Possui como destinatário imediato o Ministério Público, que, conforme previsto no artigo 129, I, da Constituição Federal, é o titular da ação penal pública, e o ofendido, que é o titular da ação penal privada, conforme estabelece o artigo 30, do Código de Processo Penal. Já como destinatário mediato tem o juiz, que se utiliza dos elementos de informações constantes no inquérito policial, para o recebimento da peça inicial e para a formação do seu convencimento.
O inquérito n° 4.781, nomeado como “Inquérito das Fake News”, foi aberto em março de 2019, pelo ex-presidente do Supremo, Dias Toffoli, para investigar a existência de notícias falsas, denunciações caluniosas, ameaças e infrações revestidas de calúnia, difamação e injúria contra os ministros da Corte e de seus familiares.
Contudo, a abertura e a condução do Inquérito 4.781 mostra-se a existência de vícios passiveis de questionamentos e debates entre especialistas jurídicos.
3.1 Violação do sistema acusatório
Embora não haja no Brasil um consenso à despeito do sistema processual adotado, para maioria dos doutrinadores, o artigo 129, I, da Constituição Federal, na qual aduz que o Ministério Público é o titular exclusivo da ação penal pública, é um indicio de que predomina no país o sistema acusatório.
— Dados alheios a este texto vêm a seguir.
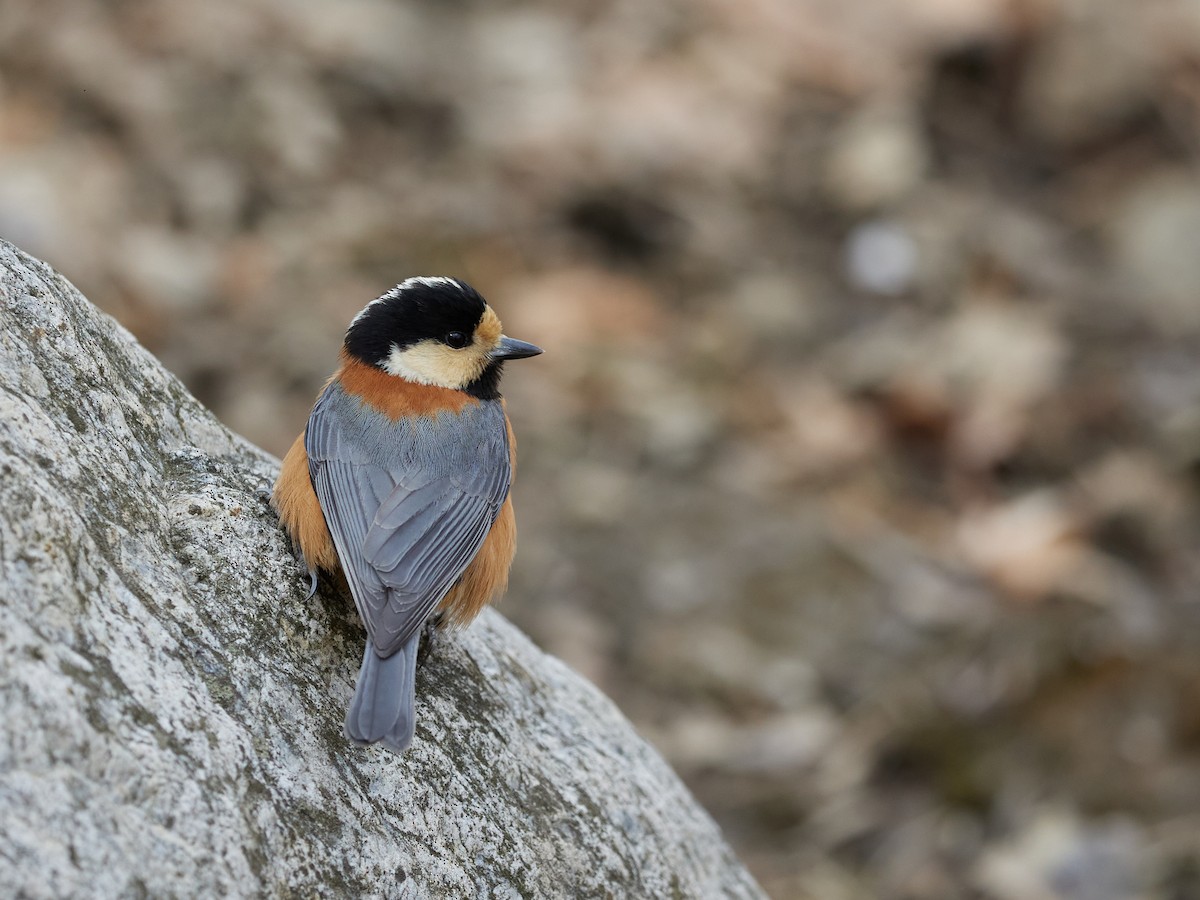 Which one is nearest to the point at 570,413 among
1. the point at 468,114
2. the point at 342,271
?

Todavia, refutando o sistema referido, na Portaria GP n. 69, de 14/03/2019, que deu início ao Inquérito das Fake News, é possível observar que foi instaurado de oficio pelo até então presidente da Suprema Corte, Dias Toffoli, bem como, foi designado o Ministro Alexandre de Moraes para que presidisse o feito, utilizando como justificativa o art. 43 do RISTF (Regimento Interno do Supremo Tribunal Federal), em que consta a seguinte redação: "Ocorrendo infração à lei penal na sede ou dependência do Tribunal, o Presidente instaurará inquérito, se envolver autoridade ou pessoa sujeita à sua jurisdição, ou delegará esta atribuição a outro Ministro" (STF, 1980, p. 03).
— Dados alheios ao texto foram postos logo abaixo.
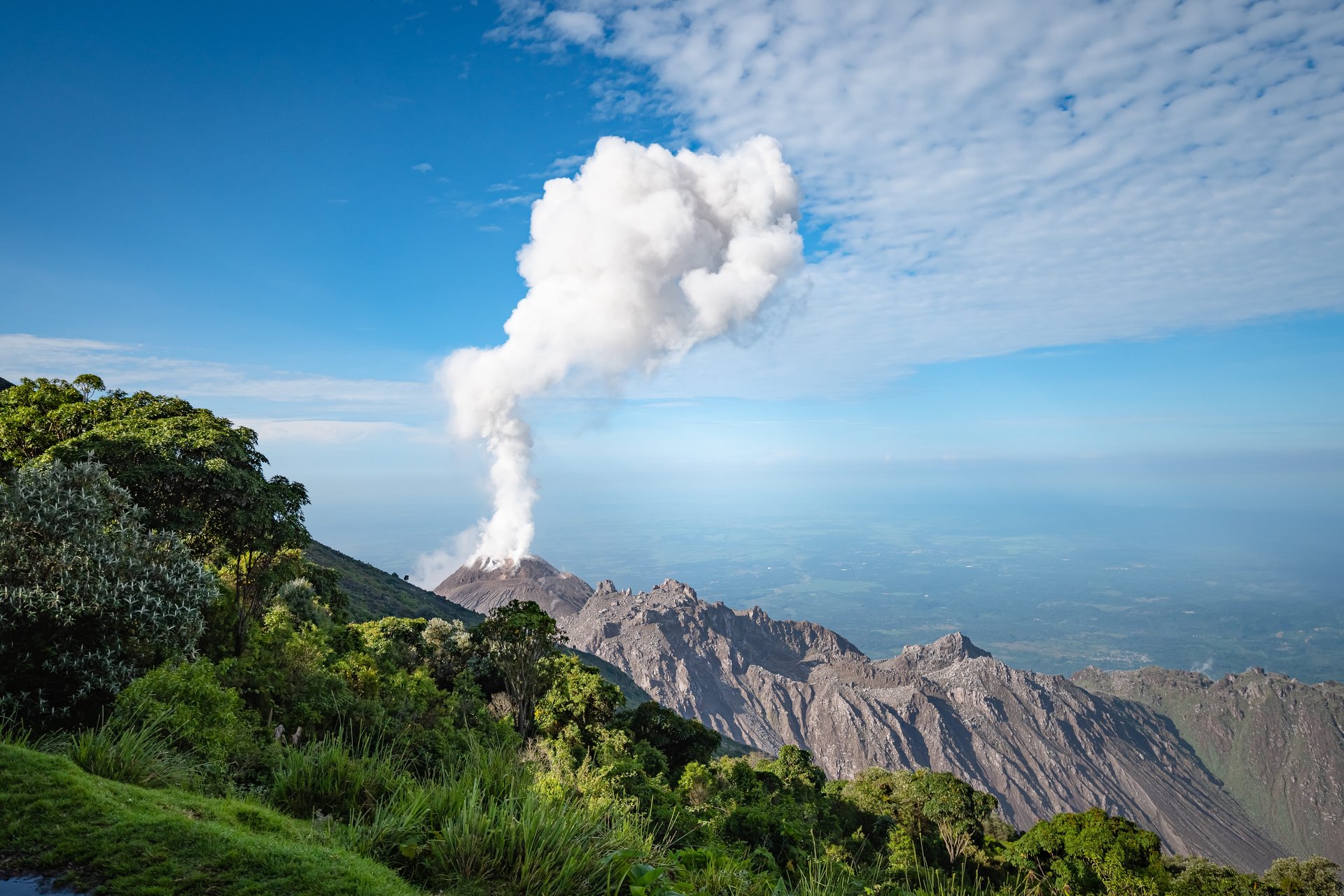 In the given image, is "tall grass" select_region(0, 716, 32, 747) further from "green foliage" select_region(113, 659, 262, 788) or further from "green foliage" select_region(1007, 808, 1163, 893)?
"green foliage" select_region(1007, 808, 1163, 893)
Verifica-se ainda, que nos demais casos, ou seja, não ocorrendo infração à lei penal nas dependências do Tribunal, o §1° do referido artigo estabelece que o presidente poderá agir conforme dispõe o caput.
À vista disso, percebe-se então que o regimento atribuiu poderes para que o presidente, de ofício, procedesse abertura de inquérito em casos de crimes que envolvem os ministros do STF.
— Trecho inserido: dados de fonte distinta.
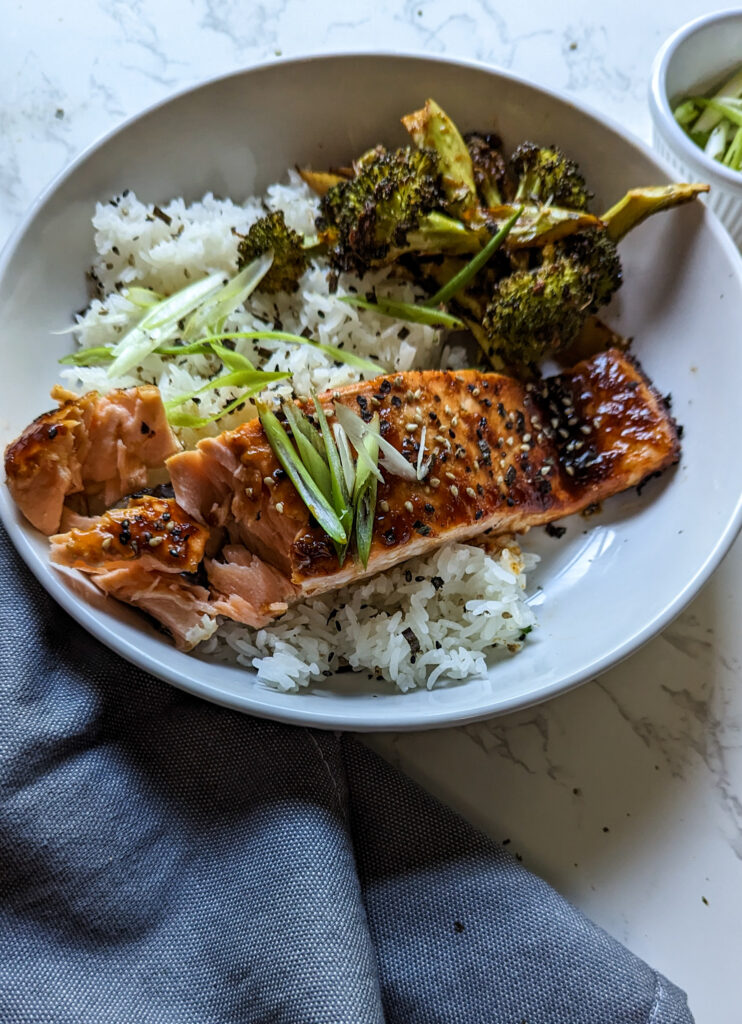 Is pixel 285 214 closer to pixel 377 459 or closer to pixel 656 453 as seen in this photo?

Contudo, importante trazer a lume, que o RISTF foi criado no ano de 1980, ou seja, sob a égide da Constituição de 1967, inicialmente inquisitória, o que pode-se concluir que o artigo 43 do regimento não foi recepcionado pela Constituição da República Federativa do Brasil de 1988.
Isso porque, a Carta Magna consagra expressamente o sistema acusatório quando outorga ao Ministério Público a titularidade exclusiva da ação penal pública. Visando, dessa forma, impedir a concentração de poder, assemelhando-se, assim, ao próprio princípio da separação dos poderes, em que a função de acusar, defender e julgar devem ser exercidas por órgão diversos, preservando, sobretudo, a garantia da imparcialidade do magistrado.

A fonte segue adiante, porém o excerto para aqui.